D’ici là, nous gardons l’espoir de trouver une route d’anthologie pour notre Aston. Et la voilà. Pas une route, LA route ! Au cœur des gorges du Dadès, au nord-est de Ouarzazate. Autrefois, ces canyons de grès orangé étaient des récifs coralliens grouillants de vie sous la surface de la mer. Mais ça, c’était avant. Avant que quelques millions d’années de boogie-woogie tectonique mettent tout ça à sécher au soleil. Puis que le Dadès, un cours d’eau, prenne quelques milliers d’années pour creuser et sculpter ces montagnes. Et enfin que, il y a quelques années à peine, l’homme décide de poser (avec génie) un ruban d’asphalte sur ces contreforts.
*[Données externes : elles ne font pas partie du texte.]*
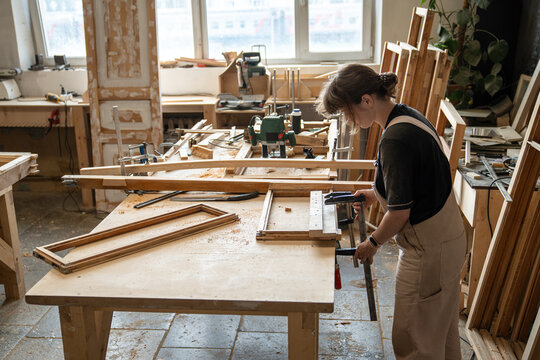Woman crafter in restoration workshop fixating parts of vintage wooden window frame using clamps, female carpentry employee working in woodshop at workbench with timber materials and hardware tools.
La Vantage le dévore. Ses rugissements se répercutent sur les parois au fil des virages et les habitants des villages qui jalonnent la route, ameutés par ce bruit, s’agglutinent sur le bord et saluent le passage de cette furie argentée (au nez peint au Stabilo) comme des fans de Groupe B avant de la voir disparaître à jamais.

Dans notre boulot, il faut souvent faire deux, trois, cinq, dix passages au même endroit avant que le photographe soit satisfait de ses images. Parfois, ça peut être un peu pénible. Mais quand on vous demande de multiplier les passages sur les meilleurs spots des gorges de Dadès au volant d’un engin de ce calibre, c’est à se demander pourquoi personne ne nous demande de payer pour faire ce métier (note à mon patron : ceci est une tournure de phrase, chief !). De son côté, la Vantage cliquette tout ce qu’elle peut et les freins surchauffés (mais qui n’ont jamais faibli) dégagent une odeur qui se mêle à celle des pneus pour tenter de voler la vedette aux volutes de cuir. Bref, je ne l’ai pas ménagée, mais ça ne semble pas l’avoir effrayée. Je crois même qu’elle a vraiment aimé ça et qu’elle n’attend que d’y retourner. Après trois jours passés avec elle, je suis étonné par son efficacité, l’étendue de ses capacités et sa facilité de prise en main. Souvent, les nouvelles Aston ont nécessité quelques années avant d’atteindre leur maturité, les acheteurs des premières séries faisant presque office de clients/testeurs/metteurs au point. La Vantage est différente. Elle est déjà prête. J’ai hâte de voir ce que ça va donner avec un V12 et/ou quelques kilos de moins…

Nous savourons la magnificence des gorges de Dadès, conscients qu’entre nous et le ferry se trouvent près de 1000 km de paysages désertiques, de péages TRÈS onéreux et de zones urbaines à la circulation anarchique. Vu d’ici, la route retour a des airs de Mad Max : Fury Road, mais la Vantage a l’air prête à en découdre. Elle est arrivée ici sans une égratignure, elle nous mènera à bon port dans l’autre sens.

On s’offre même un détour en passant par Errachidia puis direction le nord et Meknès avant Rabat et Tanger… métamorphosé ! Le personnel des péages est adorable, le trafic fluide, le temps radieux ! On dit que la première impression est toujours la bonne… il nous en faudra une troisième (l’occasion de revenir, yes !).